İnsanoğlu karşılaştığı sorunlara sıklıkla bulduğu veya bulduğunu sandığı çözümlerin ve gelişmelerin yeni sorunlara neden olduğunu görmüştür.
Bilimin insanlığın ortak mirası olduğu herkes tarafından kabul edilir. Yapay zekâ teknolojisi de bu mirasın bir ürünüdür. Bu açıdan yapay zekânın, tüm insanlığın bir kazanımı ve işbirliğinin ürünü olduğu gerçeğinden hareket edilmesi gerekmektedir. Bunun için tüm devletlerin yapay zekâ çalışmalarında kendi araştırmalarını yapma zorunluluğu vardır. Ancak bu sefer yapay zekâ ve yapay zekâlı biyoteknolojiye sahip robotların savaşlarının görülebileceği gerçeği önümüze çıkmaktadır. Merhamet ve şefkat gibi duyguları bulunmayan akıllı makinelerin gösterebileceği vahşetin ise sınırı bulunmamaktadır.

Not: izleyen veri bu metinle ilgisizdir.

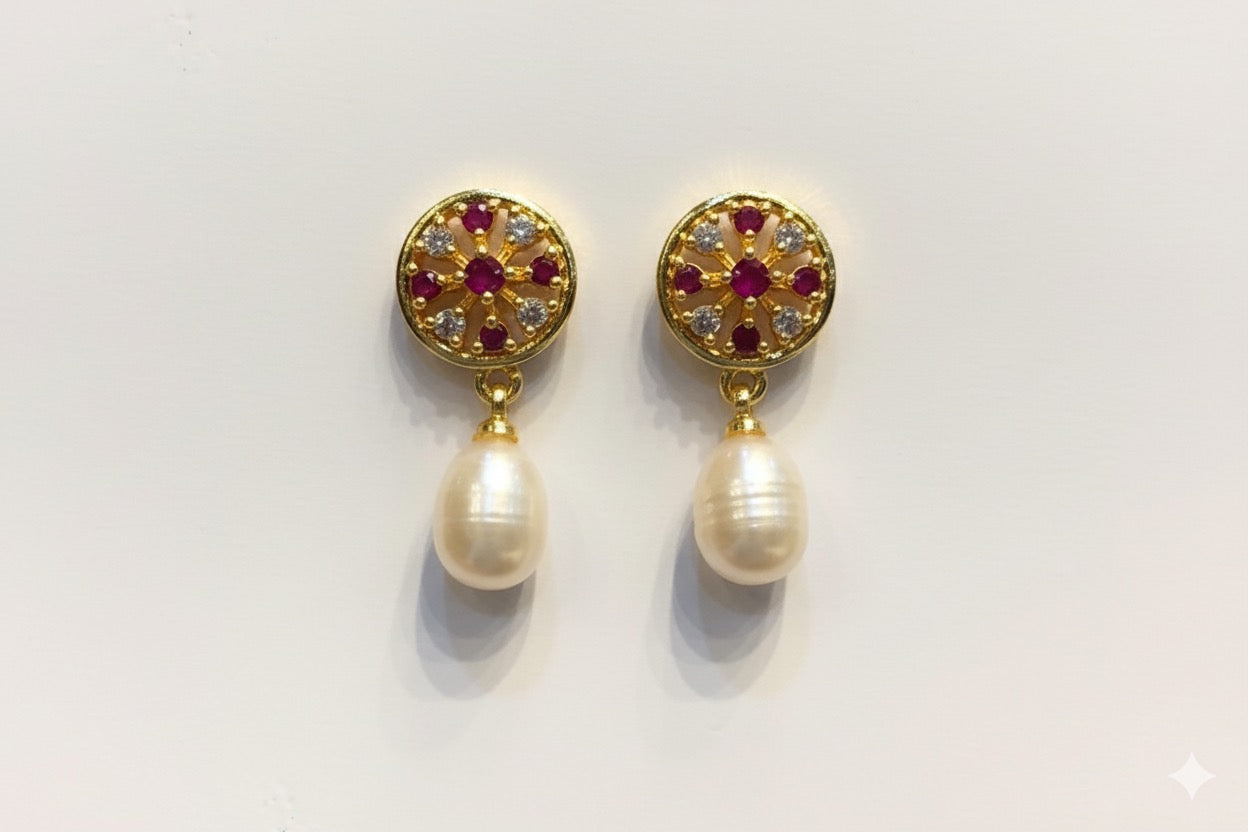 Ruby Starburst Pearl Drops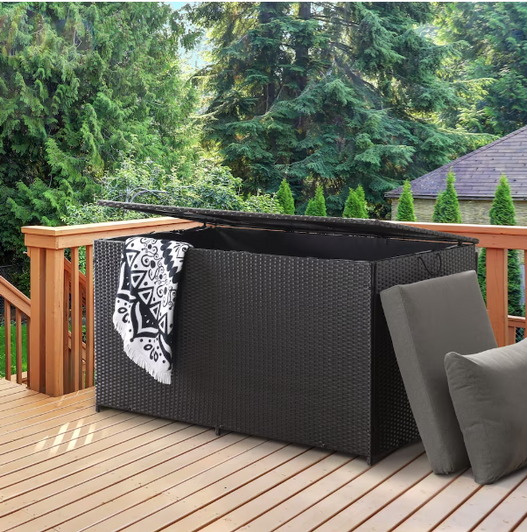 Corliving Parksville Black 224 Gal. Rust Proof Resin Wicker Deck Box-A2ZHOME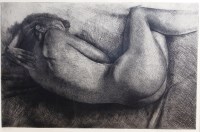 Lot 263 - Mark Clark - Sleeping nude, etching, signed...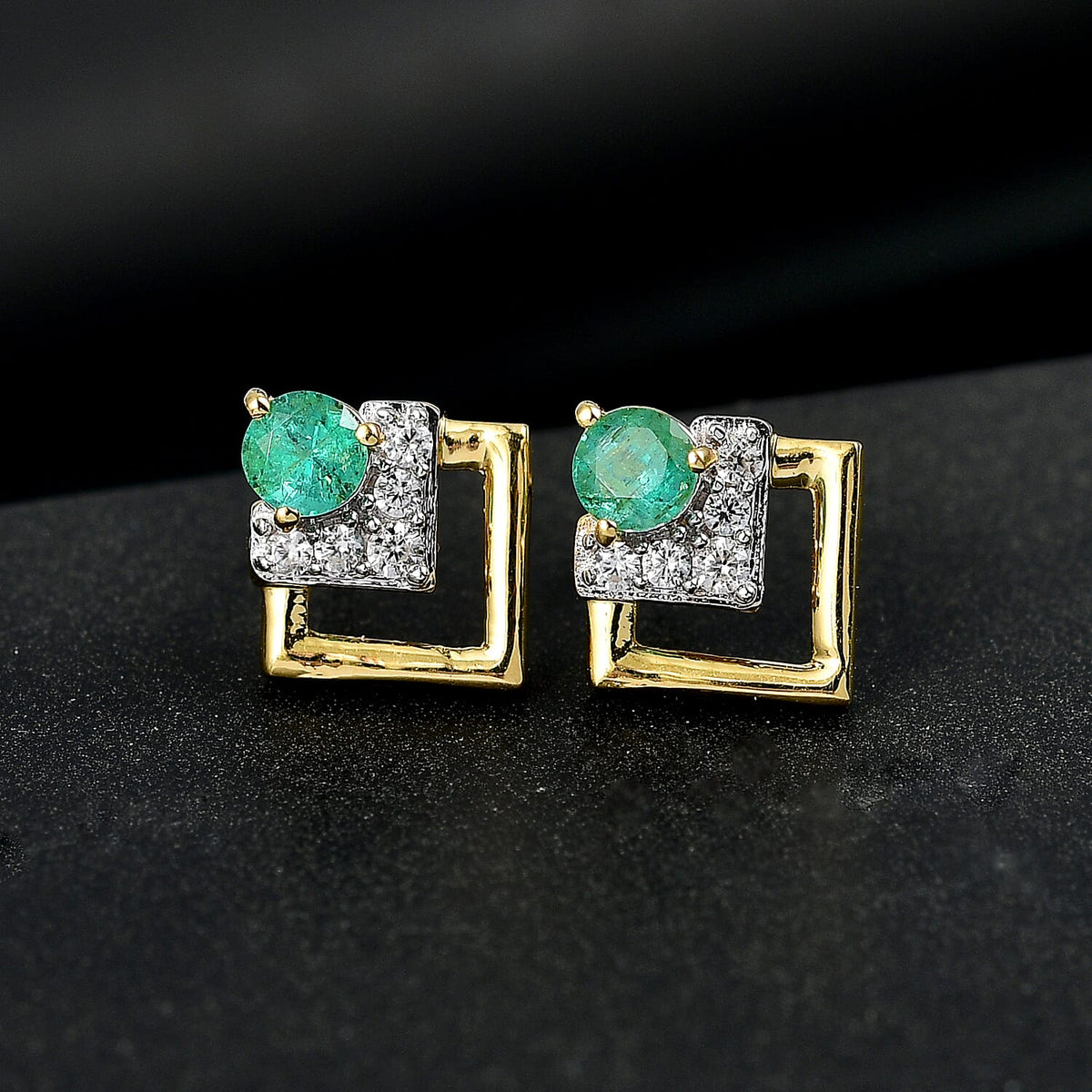 AAA Gemfields Emerald &amp; White Zircon Earring in 18K Vermeil Yellow Gold Plated Sterling Silver 0.70 Ct. 8109989 2
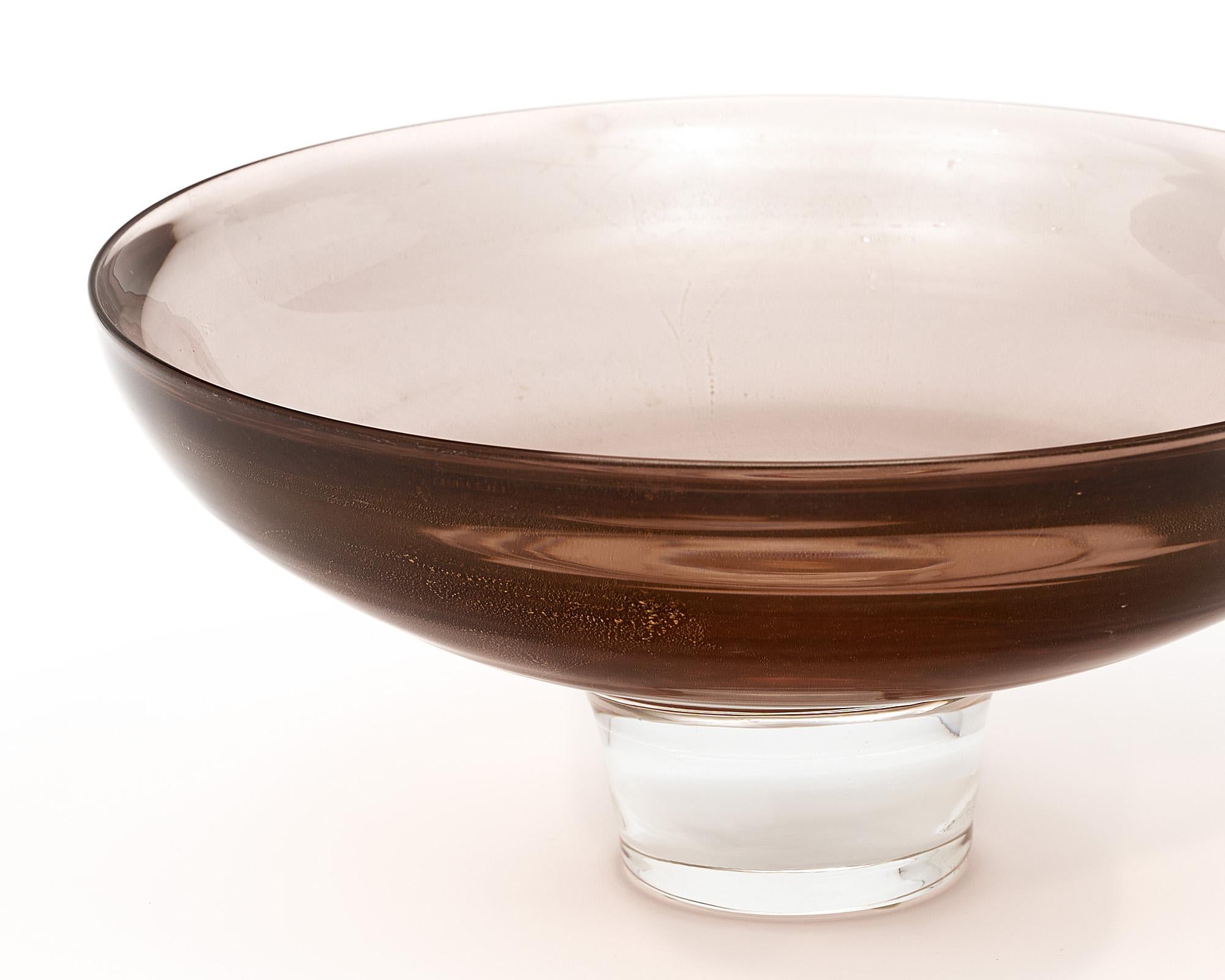 Modern Murano Glass Amethyst Avventurina Bowl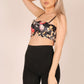 ONE ABOVE ANOTHER Floral Print Velvet Crop Top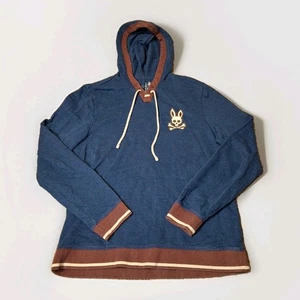 Sudadera con Capucha Psycho Bunny Para Hombre Pequeña Azul Pullover Calavera Conejo Logo Borde en Contraste - Imagen 1 de 10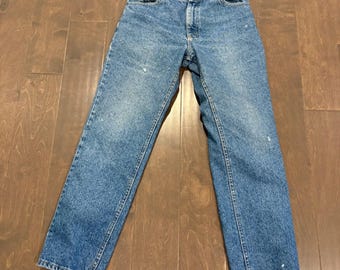 Vintage Lee Straight Leg Jeans Herren 30x29 (Tag 32x30) Blau Made USA Distressed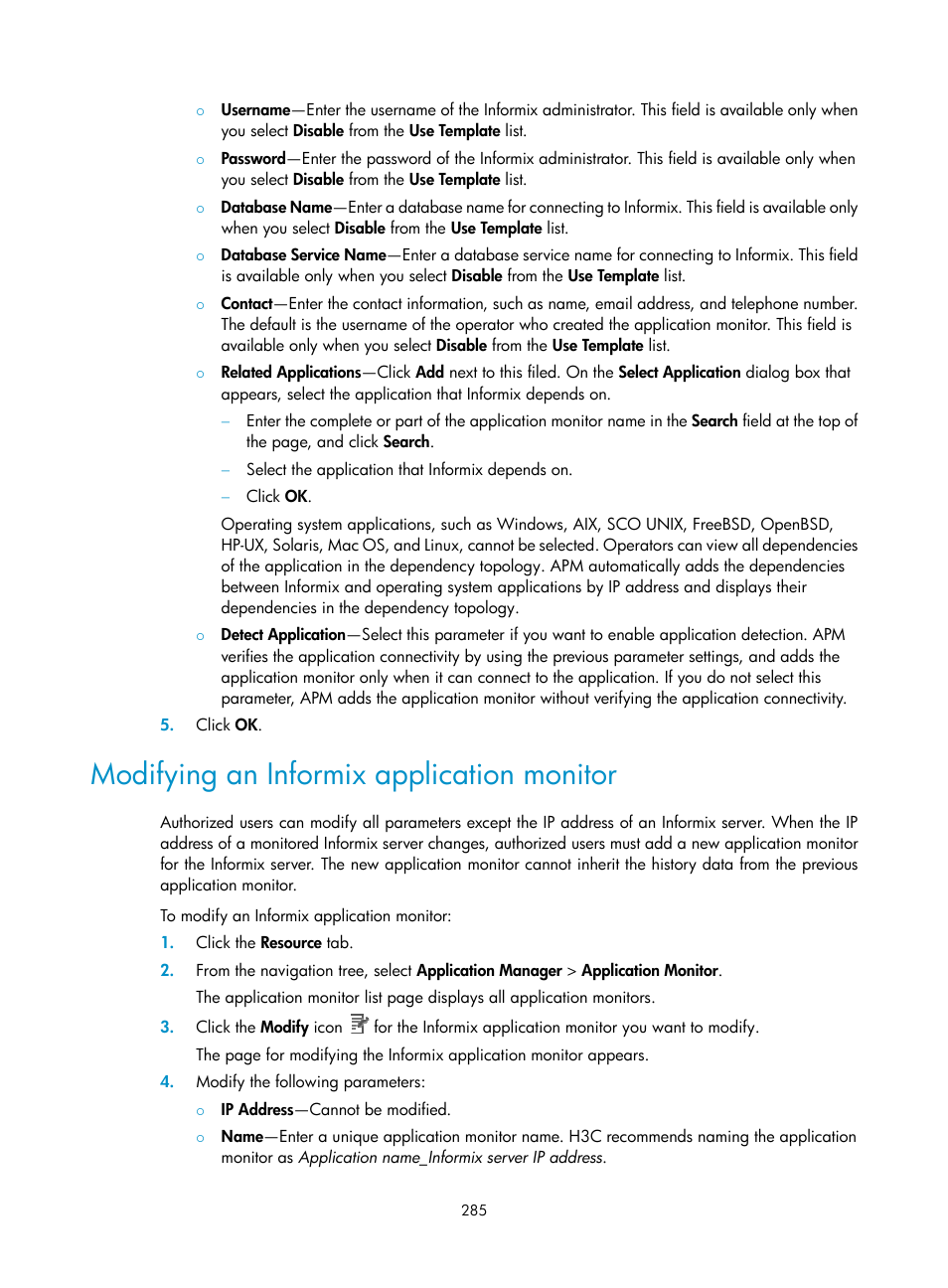 Modifying an informix application monitor | H3C Technologies H3C Intelligent Management Center User Manual | Page 299 / 740
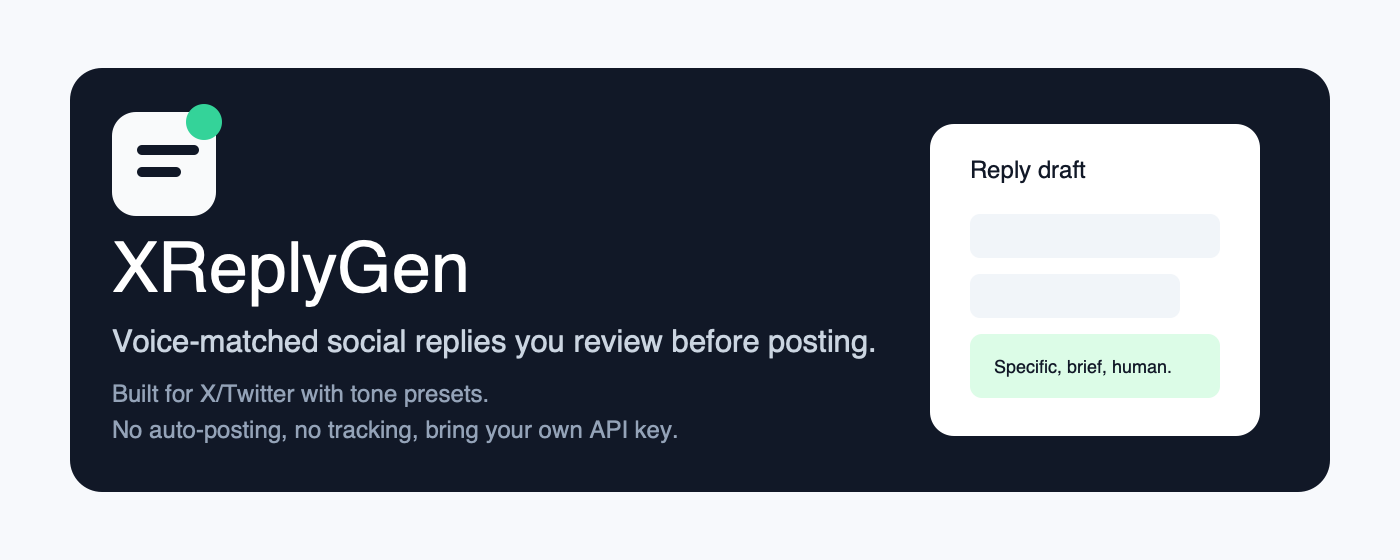 XReplyGen Chrome Web Store preview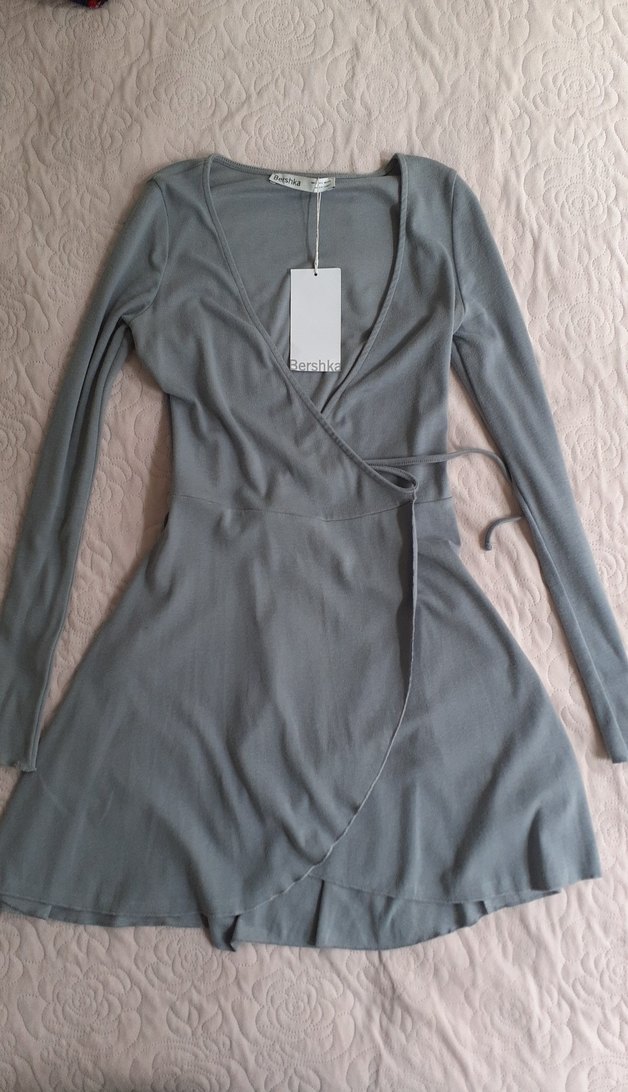 bershka v yaka mini elbise - Görsel 5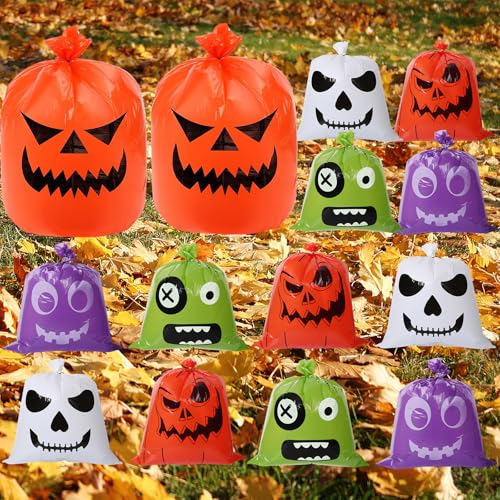 Hlimior ハロウィンリーフバッグ14枚 - L2枚と小12個、カボチャツイストゴミ袋秋の芝生やパティオの装飾に最適。秋のパーティーやハロウィンの屋外装飾にツイストが付いたパンプキン芝生バッグ14枚。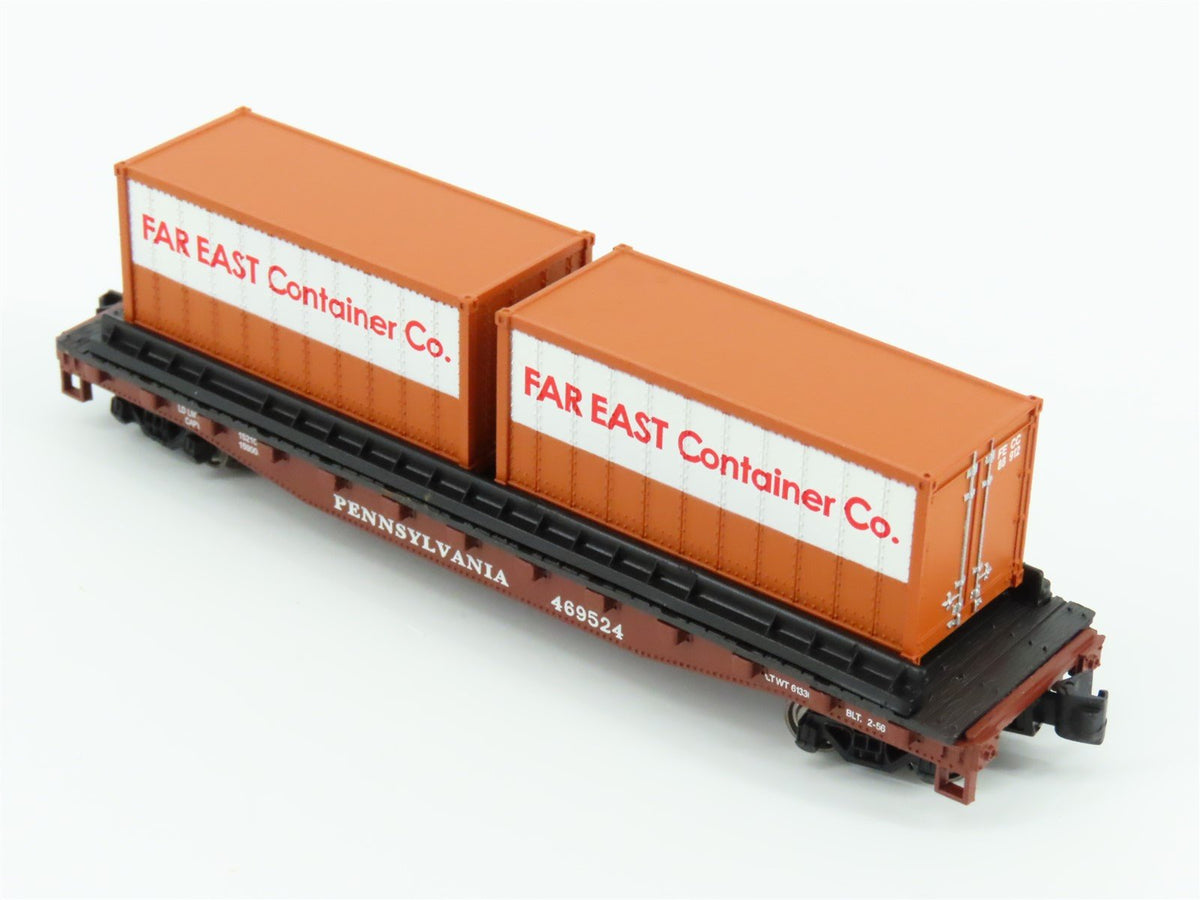 N Bachmann 18956 PRR Pennsylvania 50&#39; Flat Car #469524 w/ Far East Containers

Sonuç olarak insanoğlu karşılaştığı sorunlara sıklıkla bulduğu veya bulduğunu sandığı çözümlerin ve gelişmelerin yeni sorunlara neden olduğunu görmüştür. Ulaşım sorununa çözüm bulmak için otomobili üreten ancak onun yol açtığı trafik sorunu ile baş etmek zorunda kalan, gıda ve açlık sorununa gübreyi üreterek çözüm getiren ancak bu kez de yer altı sularının kirlenmesi problemiyle yüz yüze kalan insanoğlu kendi düzen arayışlarının yeni kaoslara neden olabildiğinin tecrübesini yaşamıştır. Yakın dönemde devrim olarak nitelenen genetik mühendisliği projelerinin ürünü genetiği değiştirilmiş organizmaların (GDO) sebep olduğu alerjik rahatsızlıklar ve zincirleme biyolojik reaksiyonların getirdiği felaketlerle baş etmek zorunda kalacak gibi görünmektedir. Bu durumdaki insanoğlunun yapay zekâdan medet ummasının kendi ürettiği çözümsüzlüklere çözüm ümidi nedeniyle olduğu düşünülebilir.
İnsanoğlu karşılaştığı sorunlara sıklıkla bulduğu veya bulduğunu sandığı çözümlerin ve gelişmelerin yeni sorunlara neden olduğunu görmüştür.